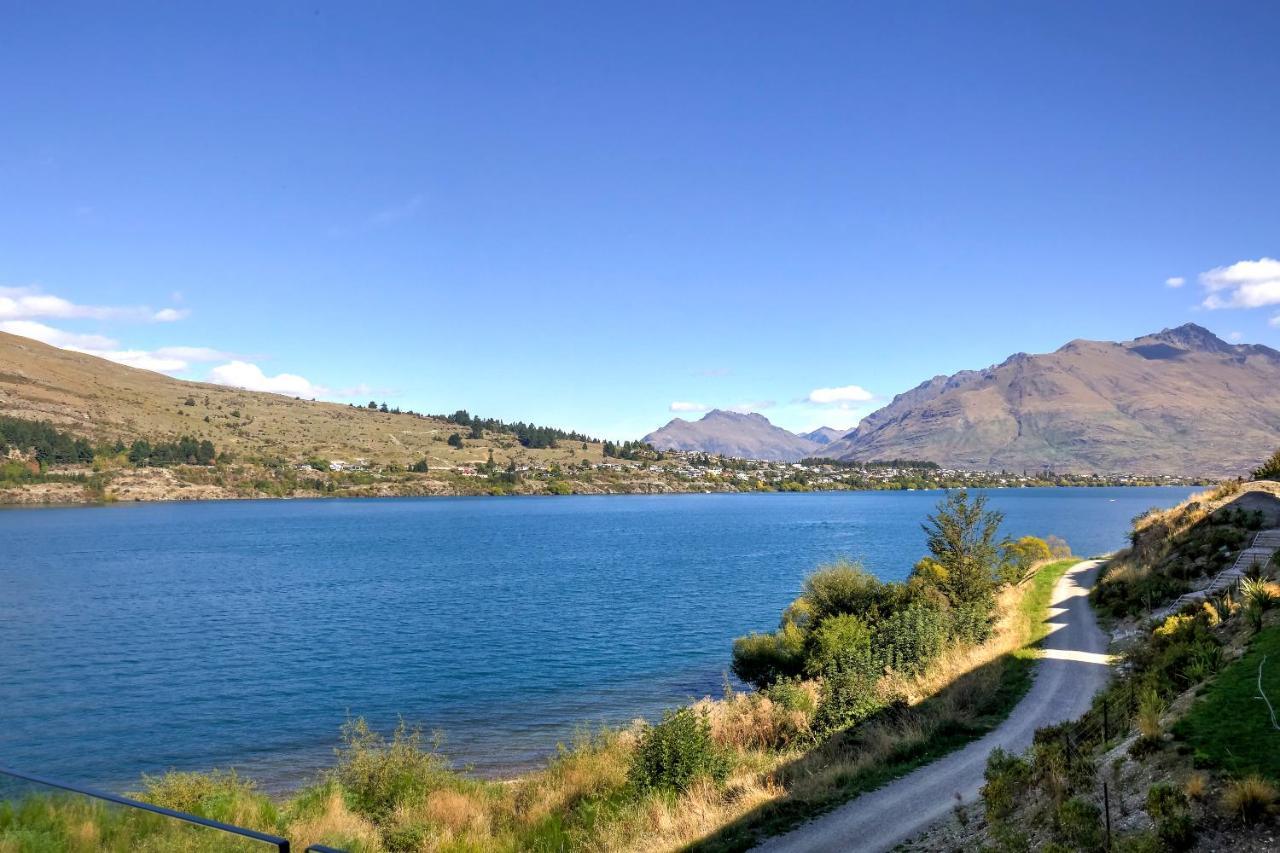The Lookout - Queenstown
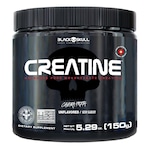 Creatina Monohidratada Black Skull - 150G Nao Se Aplica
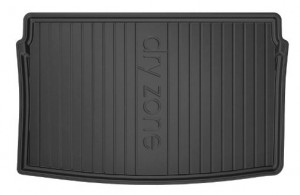 Tavita portbagaj Seat Ibiza V fabricatie 06.2017 - prezent, caroserie hatchback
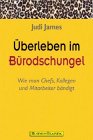 Überleben im Bürodschungel Business, Finance & Career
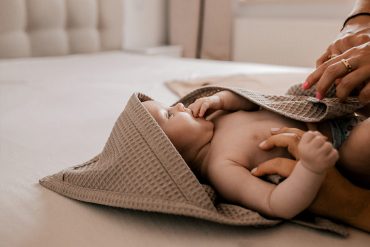 Ręczniki-dla-niemowląt-top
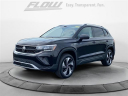 Thumbnail image of 2024 Volkswagen Taos at Flow Volkswagen Of Durham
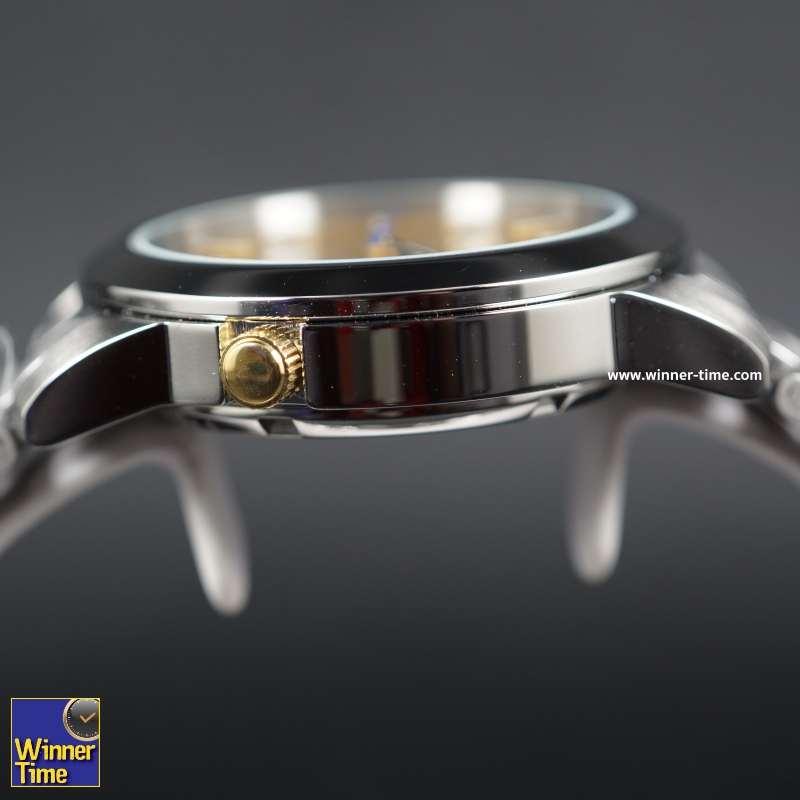 นาฬิกา Seiko 5 Automatic รุ่น SNKK29K1,SNKK29K,SNKK29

————————

**Task prompt:** Copy out the material exactly as it stands, though no picture should appear in the copy.

**Completed task:**
The Lookout - Queenstown
 Creatina Monohidratada Black Skull - 150G Nao Se Aplica
 Tavita portbagaj Seat Ibiza V fabricatie 06.2017 - prezent, caroserie hatchback
 Überleben im Bürodschungel Business, Finance & Career
 Ręczniki-dla-niemowląt-top
 Thumbnail image of 2024 Volkswagen Taos at Flow Volkswagen Of Durham
 นาฬิกา Seiko 5 Automatic รุ่น SNKK29K1,SNKK29K,SNKK29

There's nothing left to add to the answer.